People complained that even after five weeks they had not received the amounts promised by the government—2,500 rupees for kitchen utensils, 5,000 rupees as calamity relief and 15,000 rupees for each person killed. They faced bureaucratic restrictions when applying for aid. Officials were demanding documents like death certificates, birth certificates, marriage certificates and national identity cards. Residents asked: “How can we provide them, when all of them were washed away?”

M. H. Kichchil Nona, 47, said: “Government officials are working to create further troubles for us. We learned about ruins in our school history lessons. Today we have to live in the ruins of our own houses and lands. No one has a real interest in our problems. On January 26, the president came to inaugurate the construction of the Siribopura housing scheme. That day thousands of us held a rally here, demanding solutions for our problems. But she was flying over our heads and didn’t bother to visit us to share our sorrow.”

The Hambantota district secretary said that from February each affected person would receive 175 rupees worth of dry rations and 200 rupees in cash per week through cooperative societies. In addition, displaced people would be given allowances of 2,500 and 5,000 rupees. But, with the cost of living, 375 rupees would be insufficient for one person per week. Displaced people said the 2,500- and 5,000-rupee allowances would not cover even basic necessities.

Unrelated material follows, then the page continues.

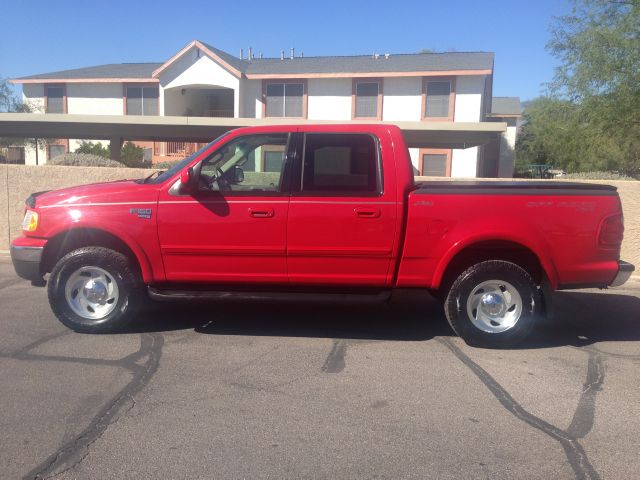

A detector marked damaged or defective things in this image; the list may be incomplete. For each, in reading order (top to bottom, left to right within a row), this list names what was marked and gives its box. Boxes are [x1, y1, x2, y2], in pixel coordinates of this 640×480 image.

pavement crack [23, 334, 165, 480]
pavement crack [322, 340, 348, 374]
pavement crack [438, 338, 604, 480]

As our visit revealed, thousands of people in Hambantota, one of most impoverished districts in the country, have been devastated by the disaster. Across the entire country, according to recent reports, the official unemployment has jumped to 20 percent, with the tsunami directly destroying about 400,000 jobs.

These conditions will only intensify poverty, unemployment and social inequality. The protests by tsunami-affected people at Pitipana, Boossa and Hambantota are early indications of mass unrest. It was under these conditions that the president put the military in charge of relief operations and on January 6 imposed emergency regulations.